You know what’s ironic though? Jann Wenner considers himself a journalist. A lot of what he talked about in that NYT interview was about journalism and his approach to it. And yet it was another journalist, a GREAT journalist, who asked the right questions that brought out answers that were truly insightful for the reader. This is the goal of journalism – to inform. That should be the goal of every journalist. Jann Wenner tells on himself here because he lost sight of that goal. But David Marchese upholds it.
And it’s right there in their conversation when Jann goes on repeatedly about interviewing HIS FRIENDS. Mick Jagger, Bruce Springsteen, he has a personal relationship with almost all of his subjects. And he insists that “these were not meant to be confrontational interviews. They were always meant to be cooperative interviews”.
To which David replies, and quite rightly: “But there aren’t two different kinds of interviews.”
And Jann doubles down:
“Yes, there are. The kind of interview I wanted to do was to elicit real thinking, not to confront or challenge or get somebody defensive. But let’s go to the underlying thing: Did my too-cozy relationships alter our coverage?”
The reader is now able to answer that question for themselves – because it was David Marchese who did the job that Jann Wenner couldn’t and elicited the “real thinking”. And as a reader, my answer is yes, absolutely f-cking yes. Jann Wenner wasn’t a journalist in these situations, he was a celebrity interviewing another celebrity. He was a celebrity talking to his celebrity friends…and letting them EDIT THEIR OWN INTERVIEWS!
Which David Marchese, again a proper journalist, presses him on because first of all, that’s f-cking wild, and second, how are you out here talking about the impact of the rock and roll generation and holding up these “masters” and your relationship to them by association and how “we made striking changes socially and morally and artistically” when you’re essentially betraying journalistic principles in your approach to your subjects and the choice of which subjects to actually cover?!

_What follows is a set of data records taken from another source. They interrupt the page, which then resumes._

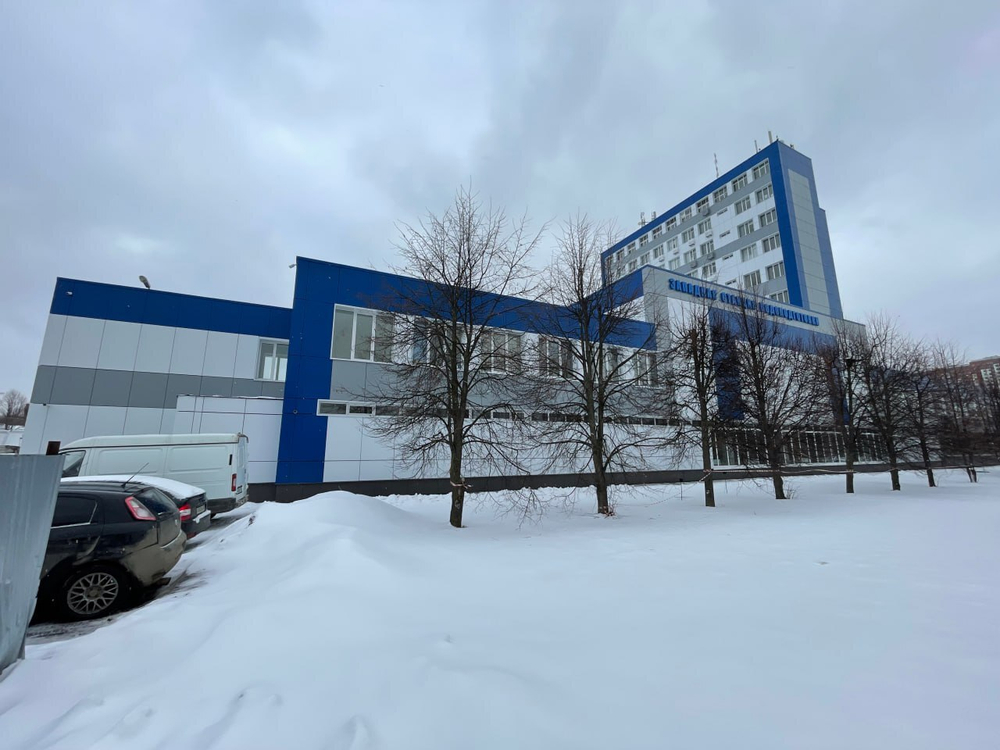 Вентилируемые фасады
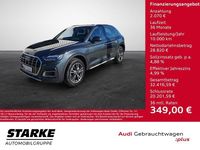 Gebraucht Audi Q5 Advanced 204 PS (150 kW) 2022 Manhattangrau metallic SUV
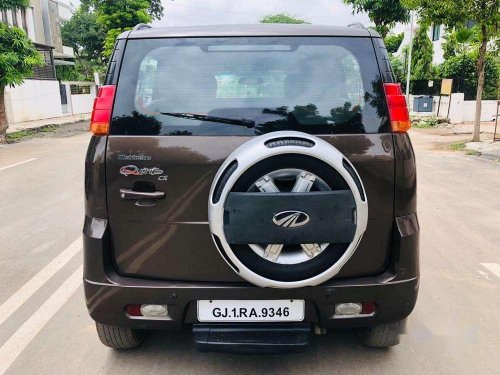 Used 2013 Mahindra Quanto C8 MT for sale in Ahmedabad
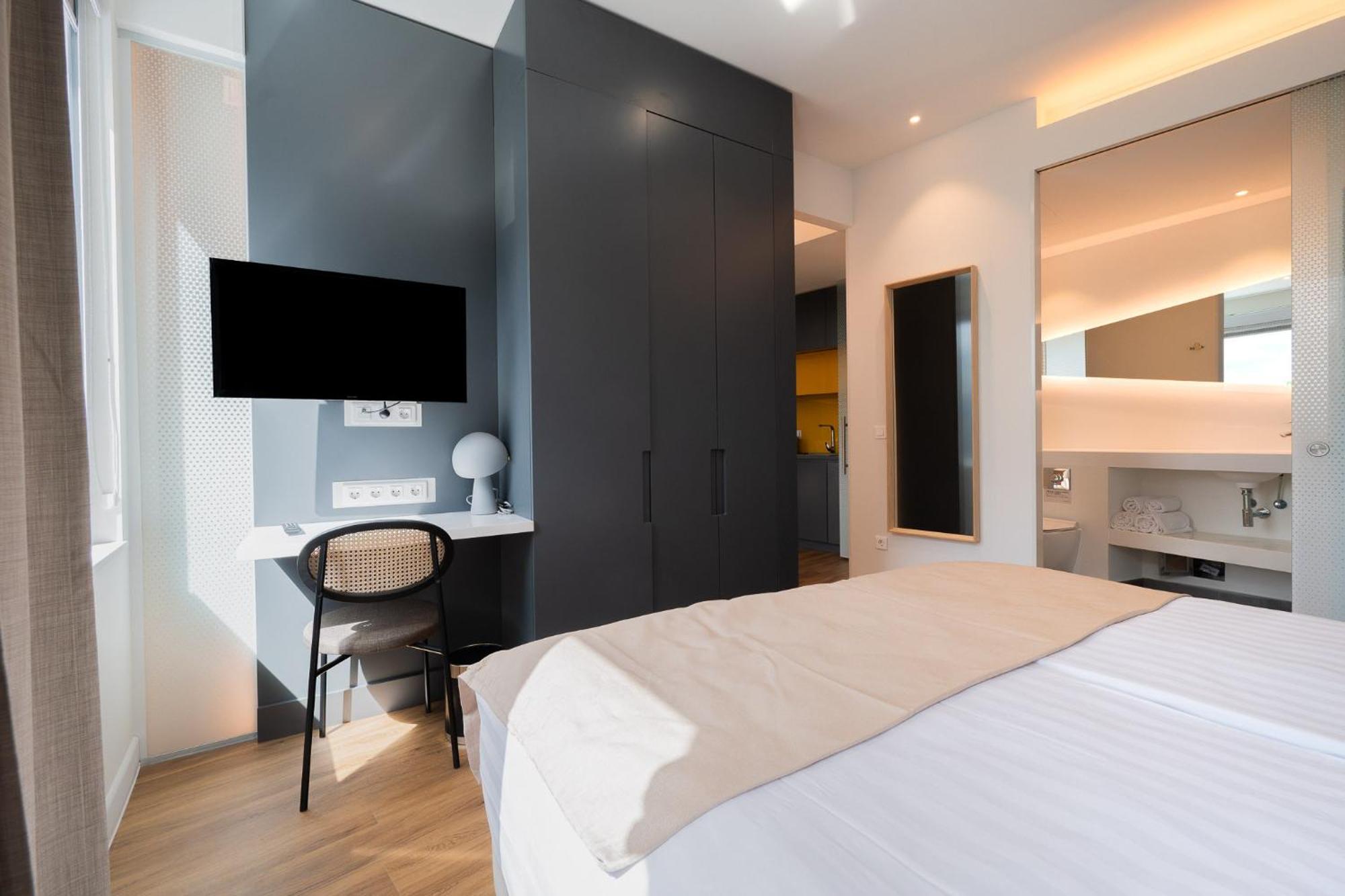Apartment Limehome Gatwickstraat Amsterdam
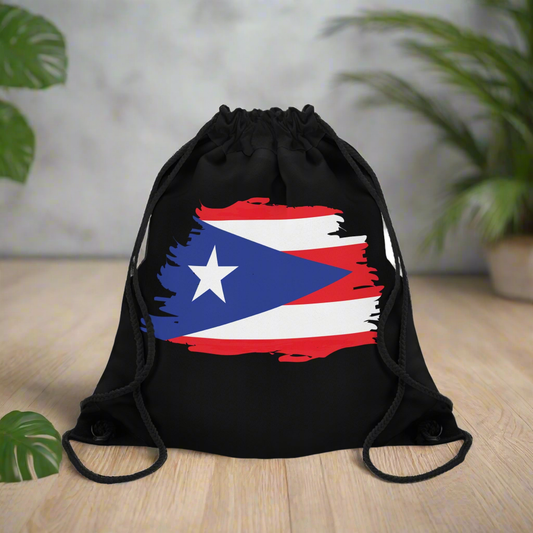 Drawstring Bag - Puerto Rico
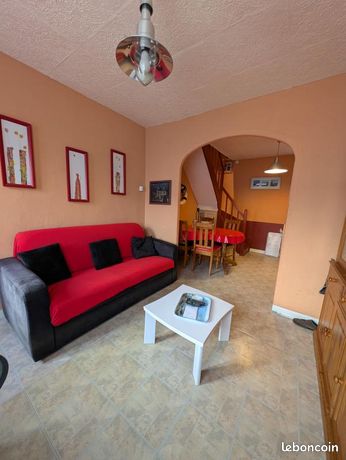 Maison 3 pièces 48 m²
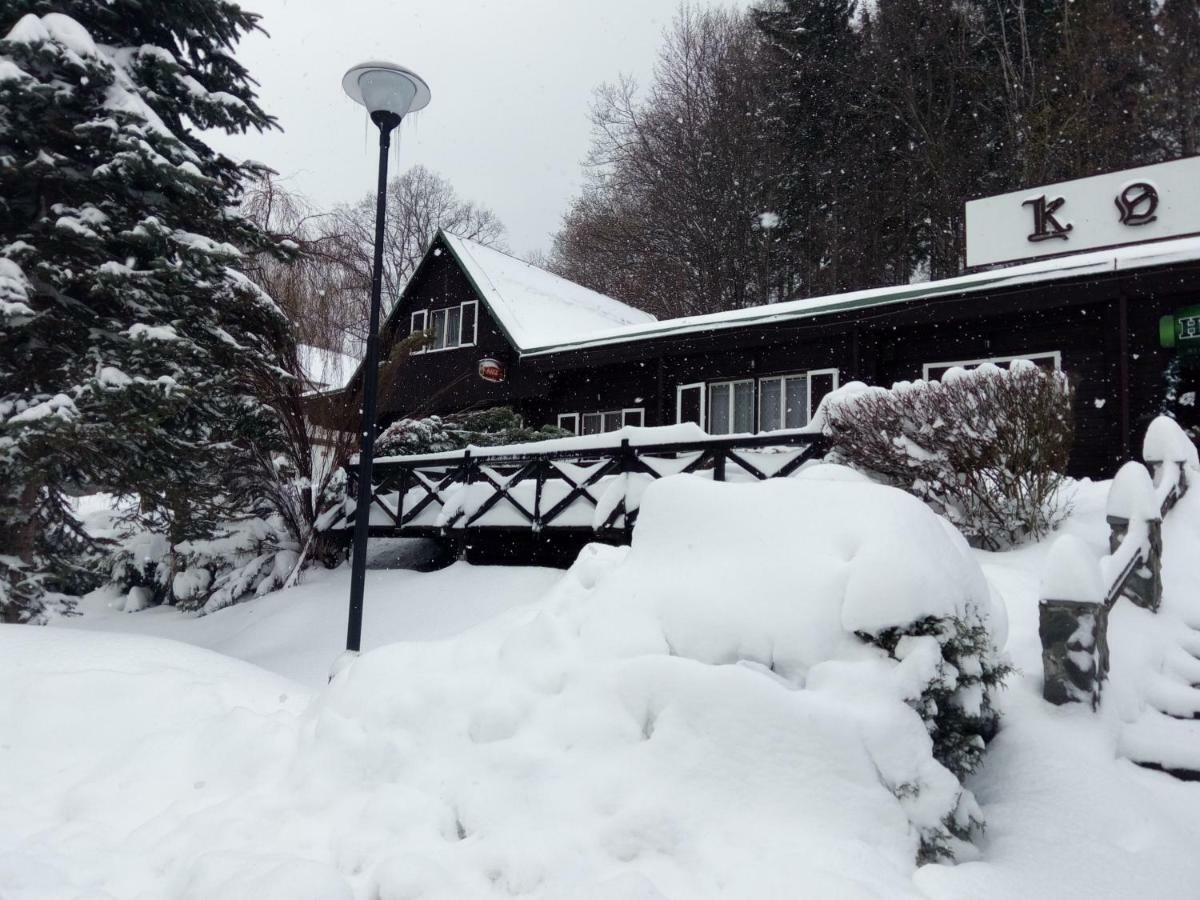 Hotel Koliba Vrbno pod Pradědem 외부 사진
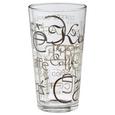 Pahar Pentru Cafea Rocco - maro/clar, Konventionell, sticlă (0.39l) Pahar Pentru Cafea Rocco - maro/clar, Konventionell, sticlă (0.39l)
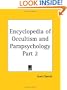 Encyclopedia of Occultism and Parapsychology, Part 2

There are a lot of things to take away here from this interview – and, for sure, one of them is that Jann Wenner is not the badass radical he would like to believe he is and may have contributed just as much harm to the culture as the good that he gave it – but the other takeaway is that journalists like David Marchese are essential to culture, setting a much better example of what journalism can and should be.